File types/MIME types of BO

data

  • -.nc (netCDF)

images

  • -.tif or tiff
  • -.jpg
  • -.png
  • -.gif
  • -.pict (should be removed)

documents

  • -.pdf
  • -.txt
  • -.xml

audio/video

  • -.ogg
  • -.wav
  • -.mp2
  • MPEG-4 im container -.mp4 (ISO/IEC-14496)

seismic

  • -.sgy or -.segy

archiv

  • -.zip
  • -.tar

see also MIME Media Types

Workflow for import (images)

  • upload images/photos
    • AWI intern to smb://pcsrv1.dmawi.de/pangaea
    • extern to lokal ftp-server
  • email to [1] about provision of files; in case of ftp transfer about location on external ftp-server
  • provide metadata
  • generate thumbnails (250 x 250 px)
  • store thumbs in the long-term area of the Pangaea web server at http://store.pangaea.de/Images/...
  • upload images to the storage system at /hs/gwp/pangaea/Images (will link to http://hs.pangaea.de/Images/...)
  • import metadata/data set including the links to the images

Login/Authorization for BOs

As BOs are not stored inside the PANGAEA database, it is not possible to restrict access through the native database functions. Because of that, the files inside http://hs.pangaea.de and http://store.pangaea.de are linked to the dataset ID and the web server enforces the authorization against the dataset PIs / explicitely defined users (see Login).

It is recommeneded to link all directorys in HS/STORE to the corresponding data set (even if no authorization is required)!

To link a directory on HS/STORE to a dataset, just place an empty file with the following name in the directory: ".datasetXXXXX", where XXXXX is the ID of the data set. This file works like a "marker". It tells the web server to use this dataset ID for enforcing access constraints for all files and sub-directorys where the .datasetXXXXX files resides (do not forget the leading dot in the file name, which means "hidden" on UNIX).

Important: Although the web server is also available via HTTPS, please create links in datasets using HTTP only. This lowers CPU usage on both client and server while downloading huge files. If the files require a login/password, the user is automatically upgraded to HTTPS for login and download. Therefore it is recommended to make datasets with files on HS freely accessible.

Important: The restriction only works for the whole directory and all its sub-directories, so you should put every dataset in a separate directory!

If you want to enable directory listing, you can even place a ".dirlist" file inside the directory, which tells the web server, to supply a listing (for all files and sub-folders).
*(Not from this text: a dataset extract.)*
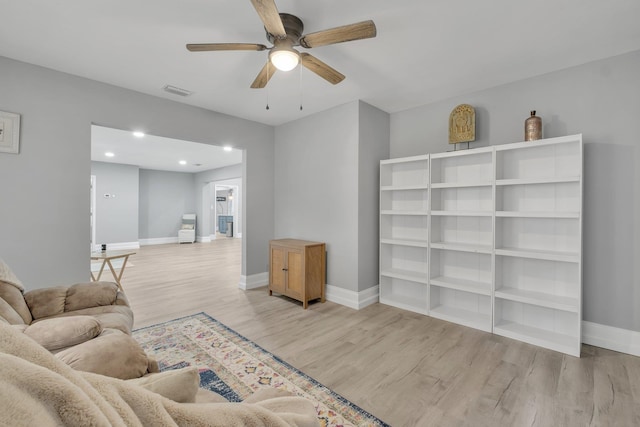living room featuring ceiling fan and light wood-type flooring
Please note: ".htaccess" files were disabled on HS/STORE. If such a file exists, the web server responds with HTTP 500 Internal Server Error.

Using this mechanism, it is also possible to restrict access to metadata/other versions of the data set (e.g. a PDF file). Just place these files in a folder on HS/STORE and place a ".datasetXXXXX" file in the directory. The files can only be downloaded, if the user is logged in according to dataset's restrictions.

Examples of data sets linked to BO

  • doi:10.1594/PANGAEA.108215 dataset consists of graphics and photos as a documentation of a geological sediment core. In the header the fields of the metainformation as described above are listed. In HTML-view the grafic objects are shown as thumbnails, a click on a thumbnail starts download of the file in full resolution.
  • doi:10.1594/PANGAEA.198686 shows photos from the ocean floor along a transect. Due to a missing relation between photo and precise position, all photos are related to a single pair of latitude/longitude only; in addition the lat/longs describing the track are given in one minute time resolution as additional text file. For a convenient download of all photos an extra link is added.
  • doi:10.1594/PANGAEA.119185 is a fully georeferenced data set containg the description of a cruise track with links to BO as seismic and grafic files from certain segments of the track. Columns with further technical data are added. The URL shows the path to the mass storage system for BO used by PANGAEA.